Task objective
Where the line holding "Main Frame Chassis 2005 Victory Vegas 3294" appears, start copying, and continue exactly through the last line of the listing, skipping pictures.

**** Task data ****

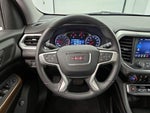 2023 Acadia Thumbnail 10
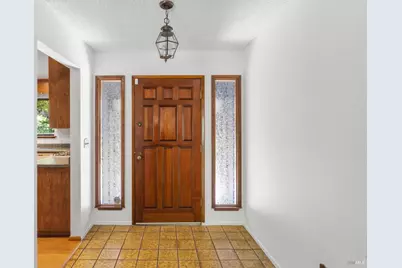 1122 W Standley Street, Ukiah, CA 95482 - Photo 4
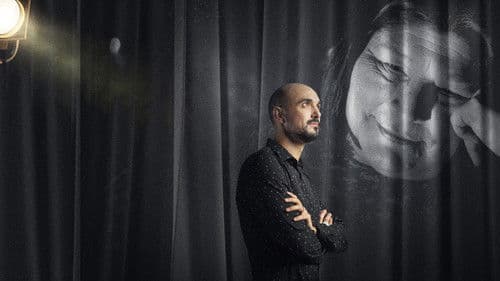 Bios. Vidas que marcaron la tuya: Mercedes Sosa Bild 2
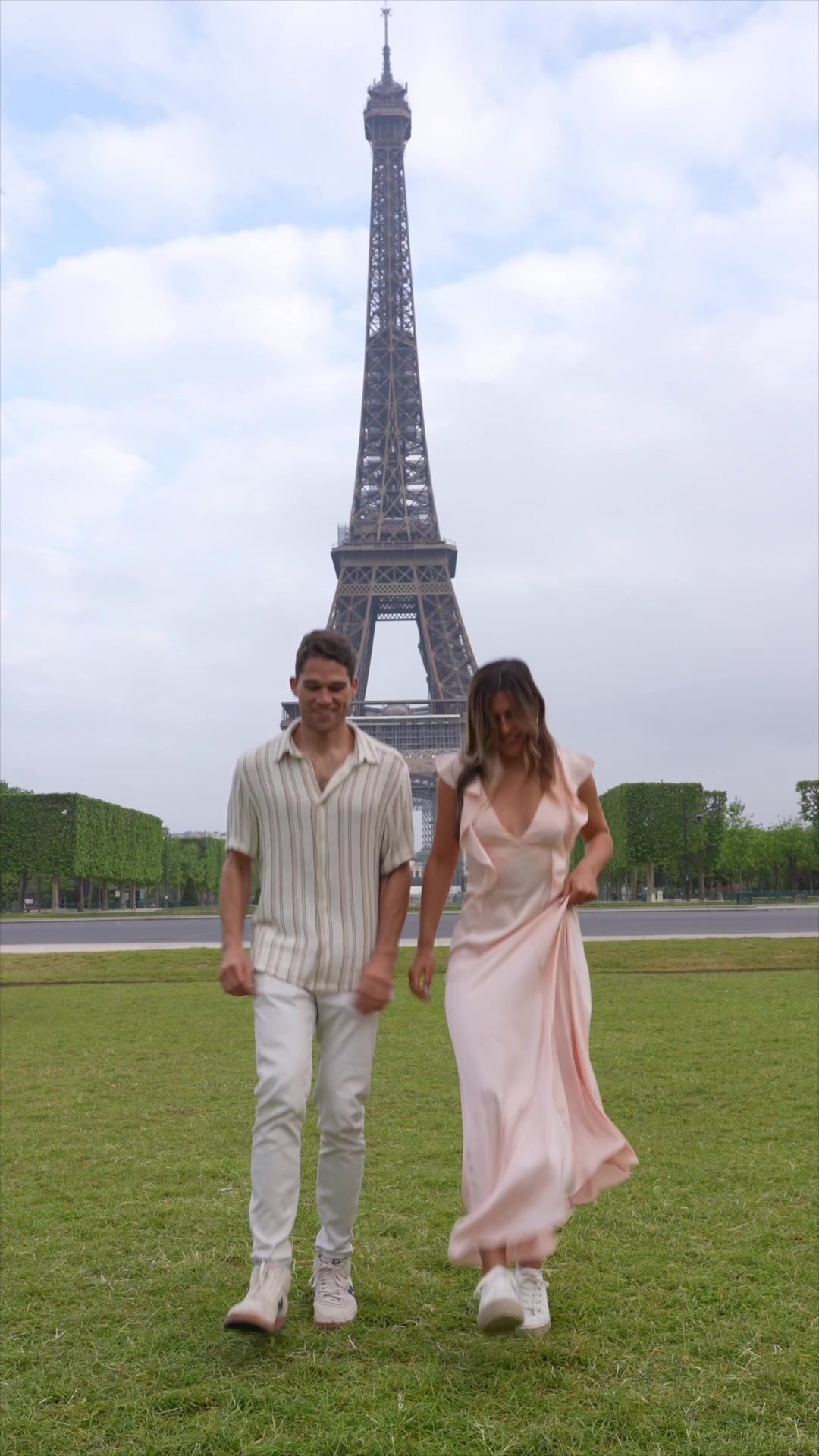 @ian.and.ana.ryan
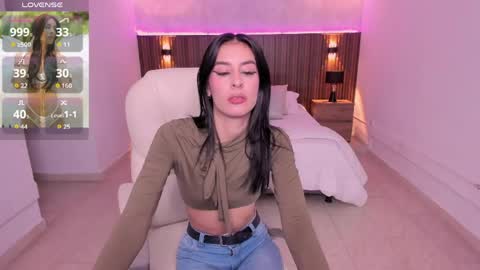 Karlaa  online show from 17, 4, 2026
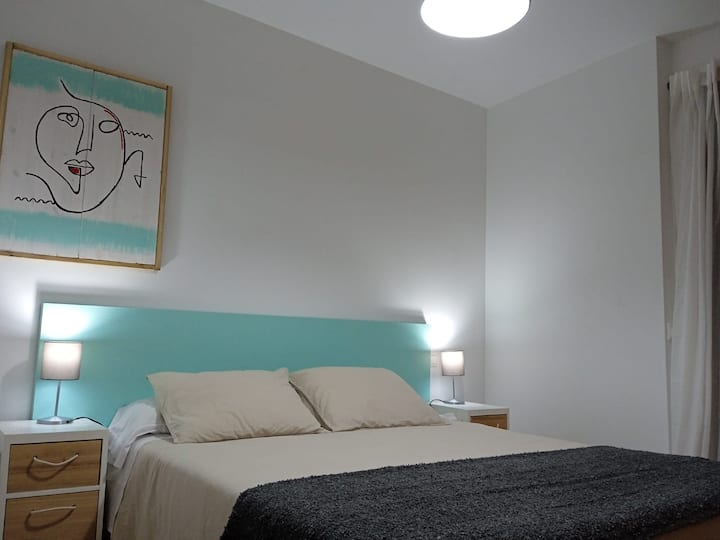 ห้องนอน2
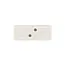 PHILIPS WL055V LED6S/840 PSR MDU WH SENSOR 8710163350646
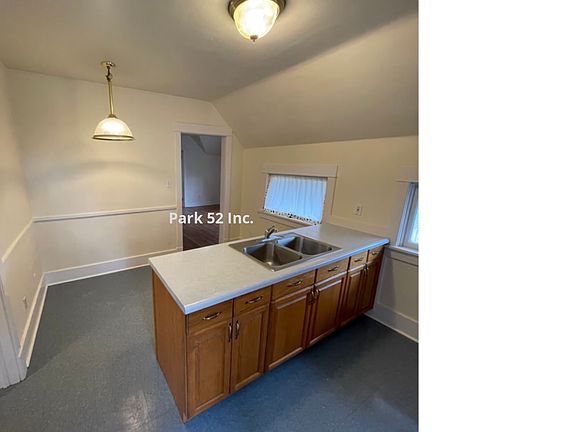 5th image of 3577 S G St #B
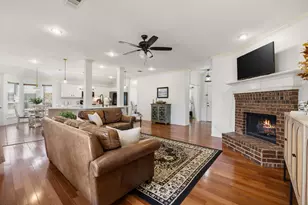 2120 Paint Creek Ct, Rockwall, TX 75032 - Photo 8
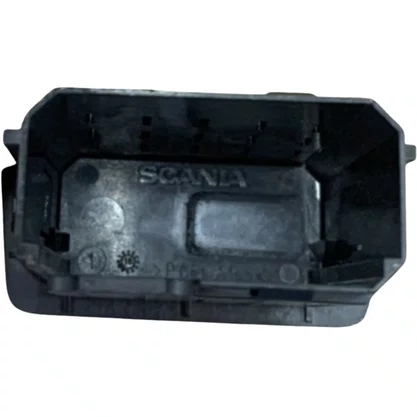 Tampa Cega Painel Scania R 2554703 Original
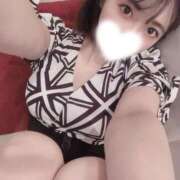 ヒメ日記 2025/07/05 20:02 投稿 椿（つばき） 男爵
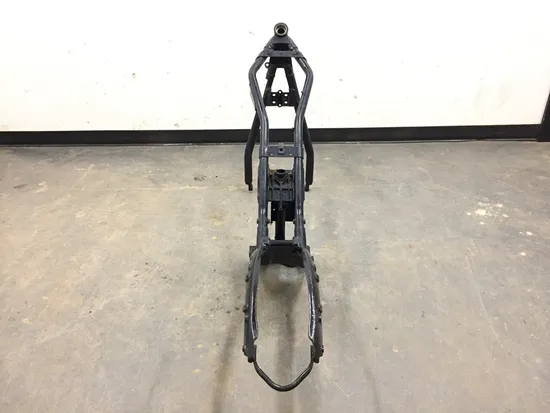 Main Frame Chassis 2005 Victory Vegas 3294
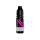 Adalya Liquid 10mg/ml Nikotinsalz - Love 66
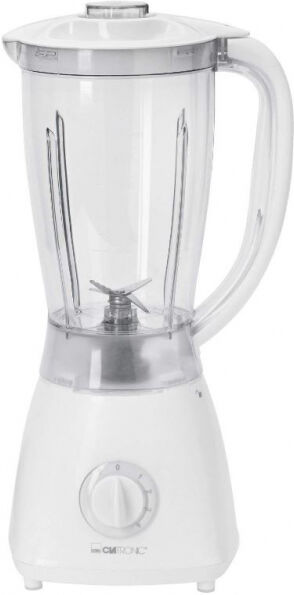 Clatronic UM 3470 - Standmixer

****

Result below
 Main Frame Chassis 2005 Victory Vegas 3294
 Adalya Liquid 10mg/ml Nikotinsalz - Love 66
 Clatronic UM 3470 - Standmixer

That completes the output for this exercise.